Single by Joe Nichols

from the album Never Gets Old
- Released: July 17, 2017
- Genre: Country
- Length: 3:37
- Label: Red Bow
- Songwriters: Connie Harrington; Steve Moakler;
- Producer: Brent Rowan

Joe Nichols singles chronology
| "Undone" (2016) | "Never Gets Old" (2017) | "Billy Graham's Bible" (2018) |

= Never Gets Old (song) =

"Never Gets Old" is a song recorded by American country music artist Joe Nichols. It was released as the lead single and title track from his ninth studio album of the same name on July 17, 2017, via Red Bow Records. The song was co-written by Connie Harrington and Steve Moakler.

The song followed two singles, "Freaks Like Me" and "Undone", which were intended as the first and second singles for his then-unannounced ninth album, but were eventually not included after the album was reworked.

==History==
Following the poor performances of "Freaks Like Me" and "Undone", Nichols reworked his ninth studio album, Never Gets Old, and released the album's title track as the album's lead single instead.

The song was co-written by Connie Harrington and Steve Moakler. Harrington and Nichols previously collaborated, as she co-wrote "She Only Smokes When She Drinks" in 2003. Despite the majority of the record and Nichols' previous two singles being produced by Mickey Jack Cones, "Never Gets Old" and album cut "Diamonds Make Babies" were produced by Brent Rowan, whom Nichols previously worked with for 2009's Old Things New.

==Content==
Perri O. Blumberg of Rolling Stone described the song as a "heartfelt ballad."

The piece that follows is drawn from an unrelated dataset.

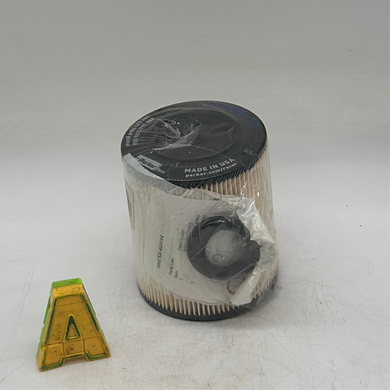 Parker Racor 2040N-10 Fuel Filter Element w/ Seal Kit *Lot of (11)* (No Box)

Nichols described the song as a throwback, stating, "I tried to round this album out with what my first album was like—traditional country, what got me started, what I love, what I'm passionate about."

== Critical reception ==
Billy Dukes of Taste of Country critiqued the song's lyrics but praised Nichols' delivery. In a five out a five star review, Markos Papadatos of Digital Journal called Nichols "exceptional" and said that his "rich, baritone vocals...are reminiscent of the late Merle Haggard meets Don Williams."

==Chart performance==
The song has peaked at 49 on the Country Airplay chart, his third consecutive single to miss the top 40, and his lowest charting effort since 1997.